Amusingly enough, I was wearing a Famous Monsters of Filmland T-shirt I got as a gift when I ran into an older neighbor in the supermarket last week who mentioned that as a kid, her parents took her to see Horror of Dracula back in 1958. She was only 8 years old, but was a big fan of sci-fi and horror movies, noting her parents were as well, and they’d make trips to the movies regularly. She noted she couldn’t sleep for about a month or so, but not because of Dracula, mind you, as (spoiler!) he’s as dead as a door nail at the end of the film (well, until his revival in the next films), but because of his brides.
She was convinced they were going to come after her for some reason and I noted that I’m sure many people who’ve seen this film sure as heck wanted a nibble on the neck from any of the lovely ladies in that film, vampires or not. Maybe even a few too many nibbles.

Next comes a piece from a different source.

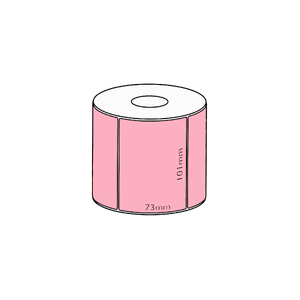 101x73mm Pink Direct Thermal Permanent Label, 750 per roll, 38mm core, Perforated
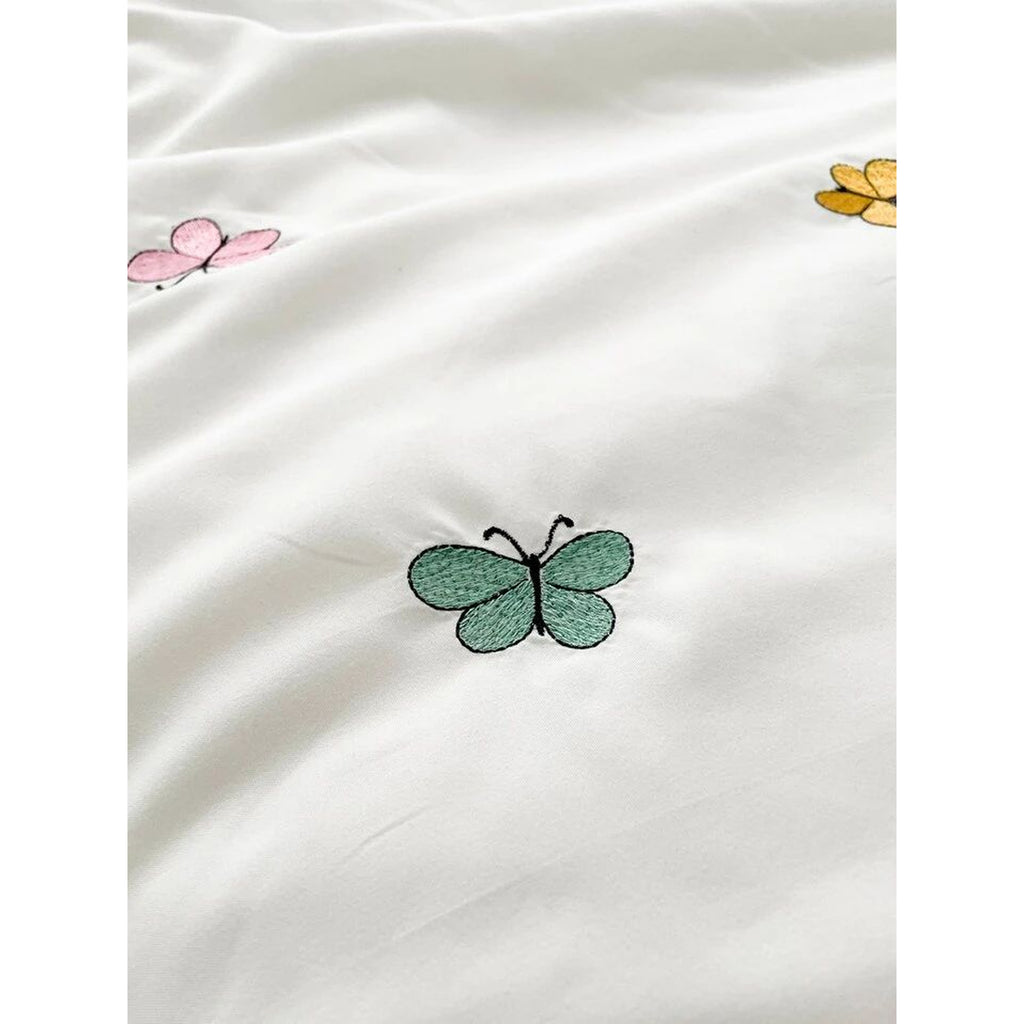 Floral Bloom Pure Cotton King-Size Multicolor Butterfly Embroidered Bedsheet Set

She laughed, and said “I know, but there was one in particular… what’s her name? The one that looked like a cat?” I thought for a few seconds and guessed correctly it was Andrée Melly, who indeed did look like a cat, and yes, briefly played that favorite bide of too many others as well. The neighbor let out a loud laugh. “Well that was fast! I guess she made an impression on you, too!”, which made me laugh as well, as there’s a pun in there she didn’t realize she was making. Anyway, we chatted a bit more and I helped her get a big aluminum baking pan off a high shelf for the ham she was making, as family was visiting that weekend. She paid for her groceries and left with a wave, thanking me for jogging her memory.
Like many kids, I first saw this film on a black and white TV in the 70’s and it made quite an impression among myself and the school friends who braved it and spent a few times diving under blankets when things got scary. Here’s a kicker for you: I didn’t like Bela Lugosi’s portrayal as a kid because that 1931 version was too dull for my unrefined tastes.

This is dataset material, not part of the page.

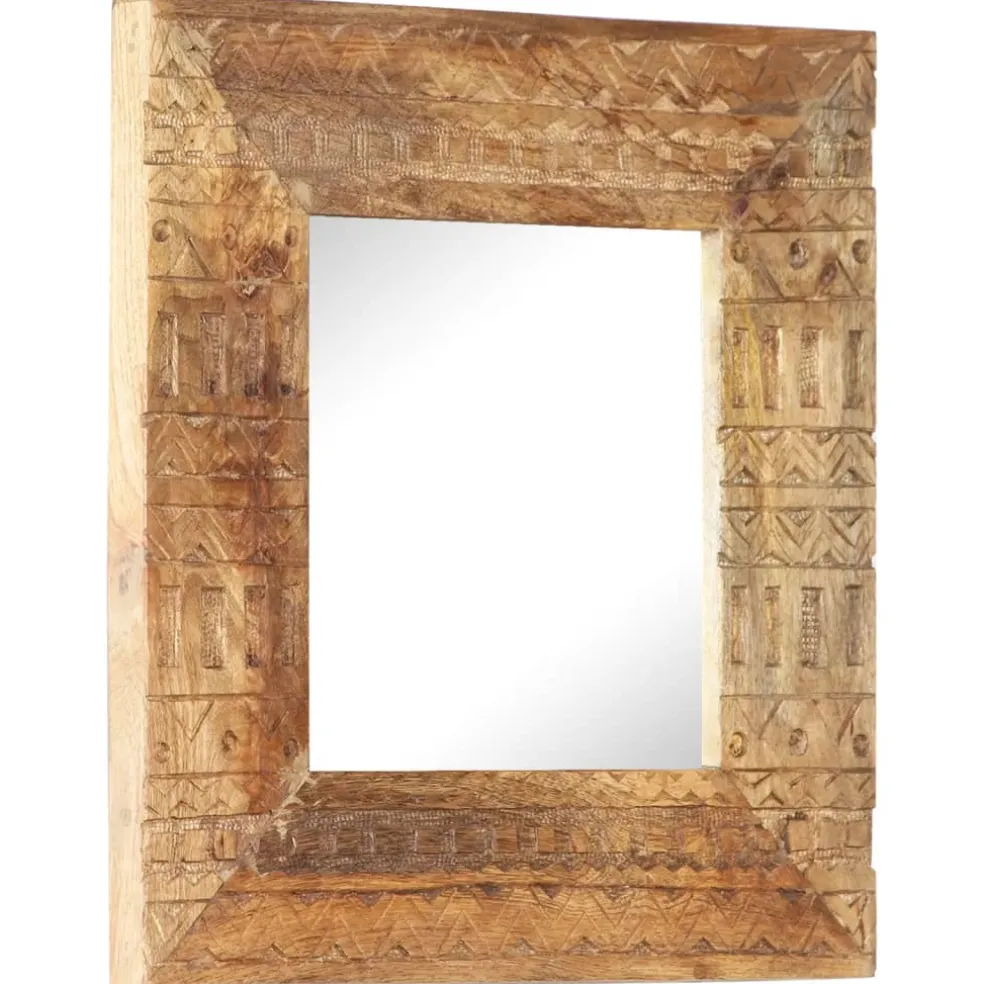 vidaXL Spiegel handgesneden 50x50x2,5 cm massief mangohout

Of course, I was also bored by many of those old Universal horrors except for two of the Frankensteins, The Mummy, The Invisible Man and The Wolf Man. Not surprising at all was once I saw it shortly thereafter, Abbott and Costello Meet Frankenstein was likely my favorite horror film for a while growing up. Yes, I got older and smarter in my film appreciation, by the way.
When I finally saw a color version many years later, I was shocked at the difference and how very frightening it was with the Technicolor pop. By then, I’d already seen a slew of Hammer horror and sci-fi films and was totally convinced that the studio was one that kept the genre flame burning for a while as tastes were changing, Anyway, in color (and later with a few edited scenes restored), Dracula remains a gorgeously shot and edited masterpiece. It’s clearly a totally different vibe that Universal’s original film, but both are seen as equal by me these days. I’m not here to
yammer Hammer on about the plot – I’ll just warmly recommend you see this if you haven’t.

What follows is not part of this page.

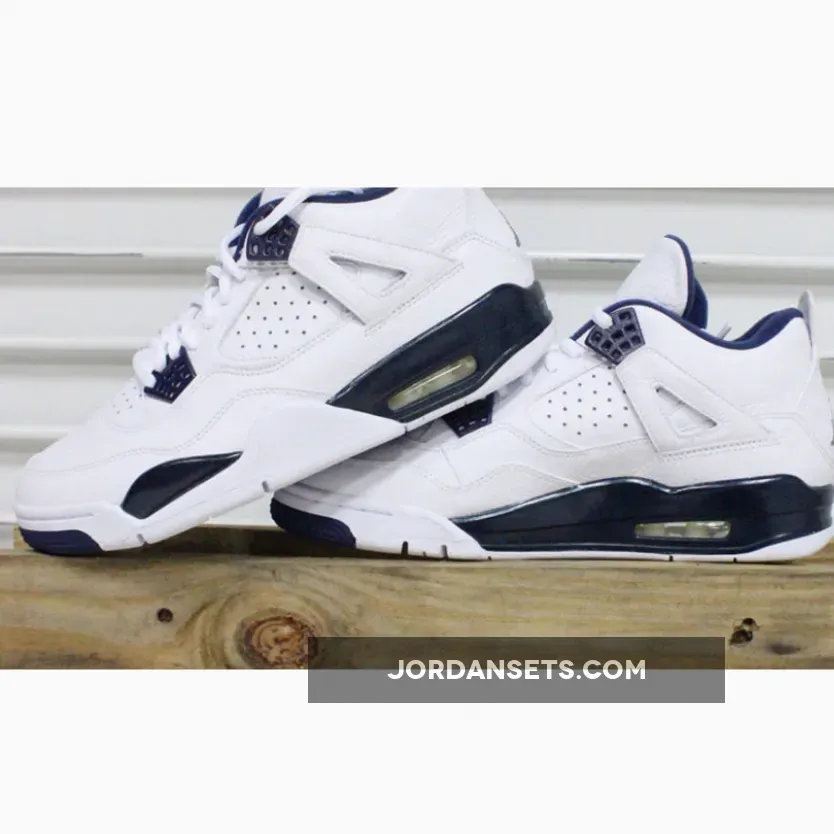 Air Jordanair Jordan 4 Retro Ls White/Legend Blue-Mdnght Navy AJ4 #jordan 4s white blue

It’s a film that I’d go as far to say that everyone is perfectly cast in. Christopher Lee’s portrayal is both menacing and dare I say, sexy? for the time. It’s a lot different that Lugosi’s Count, but both are I think, done well for each era. Peter Cushing plays Van Helsing so well, that I think it the best portrayal of the character I’ve seen. All the ladies who lunch here are stunning or elegant in their look, and even secondary characters fit like gloves here. The last version I was was on TCM, so I’m not sure if was the 2012 restoration with the two extended scenes or not.
If you own a multi-region Blu-Ray player and want it all, The UK version of the film has not only the 2012 restored cut, it’s got two extra discs of special features the Warner Archive version is missing, although that one can be bought as separate Blu-Ray or DVD versions. Yes, I’ll get to Horror of Frankenstein at some point as well as Hammer’s version of The Mummy and few other of their films at some point down the road. I just wanted to pop this one up first because it was the first one I remembered seeing and, hey, I found out someone else liked it as much as I do.